She’d go along in the end, but not without grumbling. “It’s the story that’s important; not the storyteller,” she would say.
But now she is the story, and as all these tributes reveal, a huge part of many of ours.
This was what Letty did best: She inspired. She could make each of her reporters feel exceptional without resorting to flattery.
Like a good parent, she could simply discern the better bits in each of us and focus the warm beam of pride on them.
In return, we would try to rise to the occasion (I can almost hear Letty adding, “I couldn’t always tell.”)
She bookended my working years as a journalist. Her quirky insights were part of my life’s soundtrack. “Marry a doctor,” she told young, single reporters. “You won’t have to worry about making a living, and you can’t be bought.”
One day when I was 21 and soon to get married (though not to a doctor), my mother complained to her: “Francoise is too young. She needs a past.”
Letty answered, “She’ll build her past with her husband.”

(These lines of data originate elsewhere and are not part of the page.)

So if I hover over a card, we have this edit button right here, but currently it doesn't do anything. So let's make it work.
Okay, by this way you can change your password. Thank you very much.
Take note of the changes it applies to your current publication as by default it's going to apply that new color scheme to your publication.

In the late 1990s, she became my boss again at the Inquirer, where I was a junior editor. Many evenings, after the first edition went to bed, we would swap stories and dissect the day’s events over a bottle of wine and a full ashtray.

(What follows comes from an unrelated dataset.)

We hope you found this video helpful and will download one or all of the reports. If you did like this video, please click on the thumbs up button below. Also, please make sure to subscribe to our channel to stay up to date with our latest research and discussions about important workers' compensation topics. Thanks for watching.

Letty never tired of talking about old-school ideals of journalism, ethics and what she called “the mission” of the paper.
I wish I had a peso for each time I heard her say “the Inquirer style.” She filled those evenings with her throaty laugh, wry sense of humor and unvarnished honesty.
The last time I saw Letty was in February when I was visiting from Washington, where I live now. It was around Chinese New Year, and she gave me a small wooden Buddha. “Here,” she said. “Get lucky.”
She was my friend, and so I already was.